I would like the records restated word for word, without the pictures.

=== Begin Enclosure ===

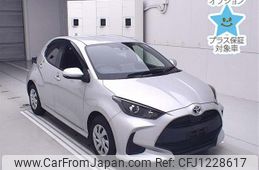 toyota yaris 2020 -TOYOTA--Yaris MXPH10-2006845---TOYOTA--Yaris MXPH10-2006845-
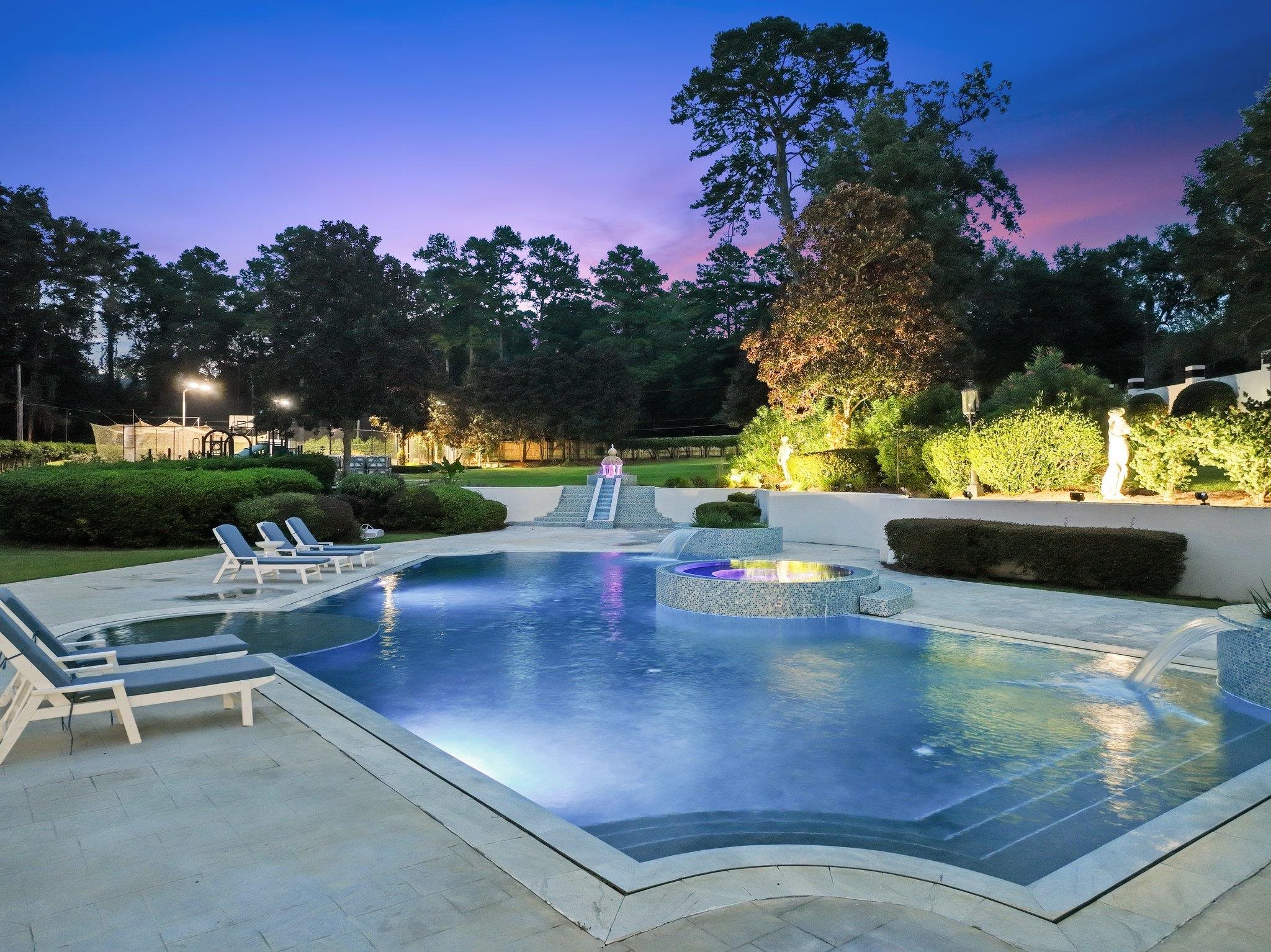 2000 Dogwood Hill
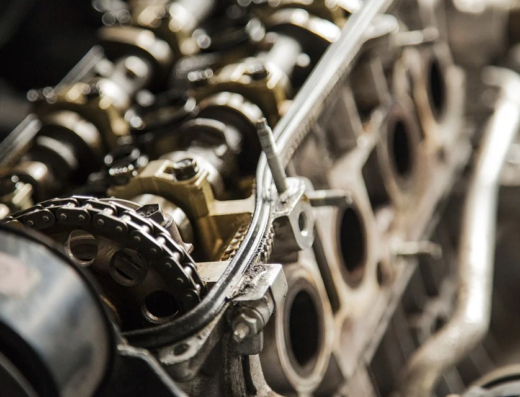 Dettaglio del motore di una moto, con catena di distribuzione e albero a camme in vista. Servizi di riparazione e manutenzione presso Victor Motors Di Spiga Vittorio E Figli S.n.c.
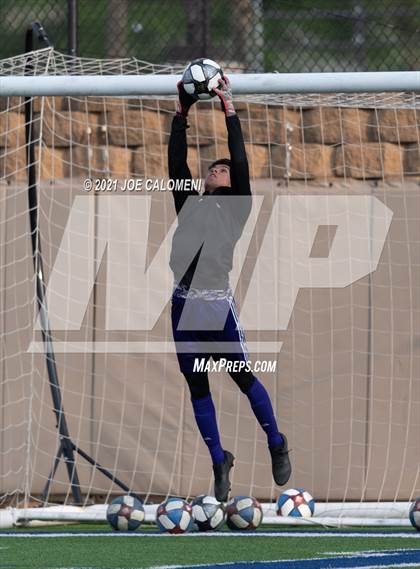 Thumbnail 2 in Lee [Robert E.] vs Jersey Village (UIL 6A State Semifinal) photogallery.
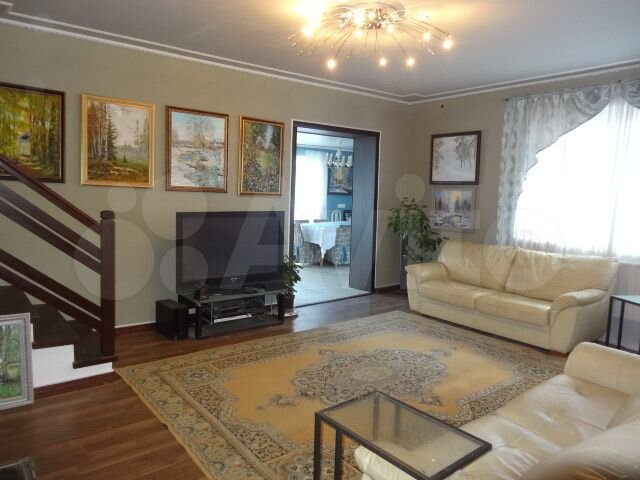 Коттедж 340 м² на участке 14 сот.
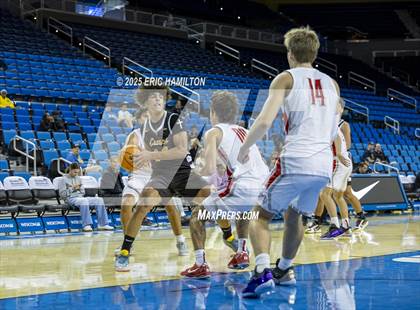 Thumbnail 2 in Crespi vs Mater Dei (Trinity-Mission League Challenge) photogallery.
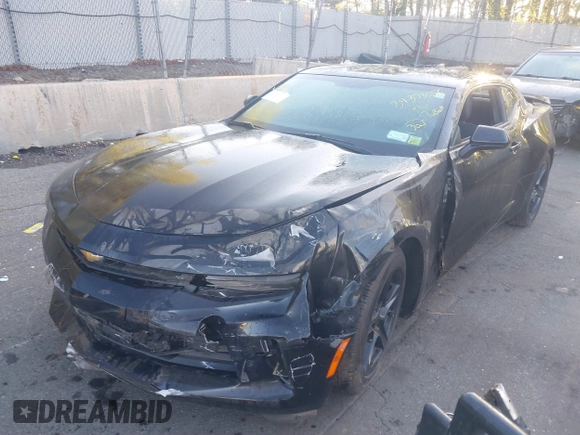 2018 Chevrolet Camaro 1LT z VIN 1G1FB1RX1J0110205, wystawiony jako IAAI lot #39373056 z przebiegiem 48 224 mil mil oraz . Historia ofert i sprzedaży dostępna na DreamBid. Obrazek 18.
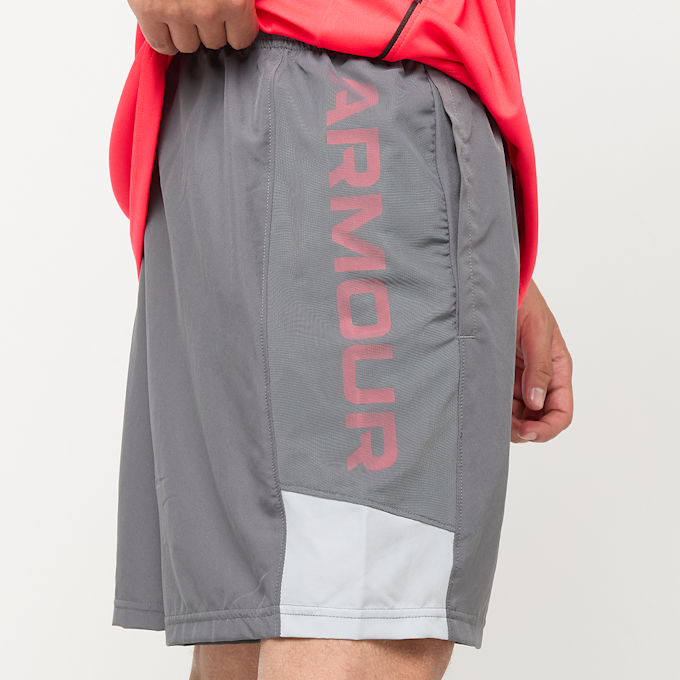 Under Armour Tech Utility Shorts gris 100753 3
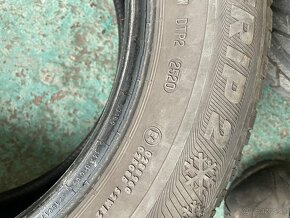 Semperit 205/60 r16 h xl zimné - 2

=== End Enclosure ===

RESULT -
 toyota yaris 2020 -TOYOTA--Yaris MXPH10-2006845---TOYOTA--Yaris MXPH10-2006845-
 2000 Dogwood Hill
 Dettaglio del motore di una moto, con catena di distribuzione e albero a camme in vista. Servizi di riparazione e manutenzione presso Victor Motors Di Spiga Vittorio E Figli S.n.c.
 Thumbnail 2 in Lee [Robert E.] vs Jersey Village (UIL 6A State Semifinal) photogallery.
 Коттедж 340 м² на участке 14 сот.
 Thumbnail 2 in Crespi vs Mater Dei (Trinity-Mission League Challenge) photogallery.
 2018 Chevrolet Camaro 1LT z VIN 1G1FB1RX1J0110205, wystawiony jako IAAI lot #39373056 z przebiegiem 48 224 mil mil oraz . Historia ofert i sprzedaży dostępna na DreamBid. Obrazek 18.
 Under Armour Tech Utility Shorts gris 100753 3
 Semperit 205/60 r16 h xl zimné - 2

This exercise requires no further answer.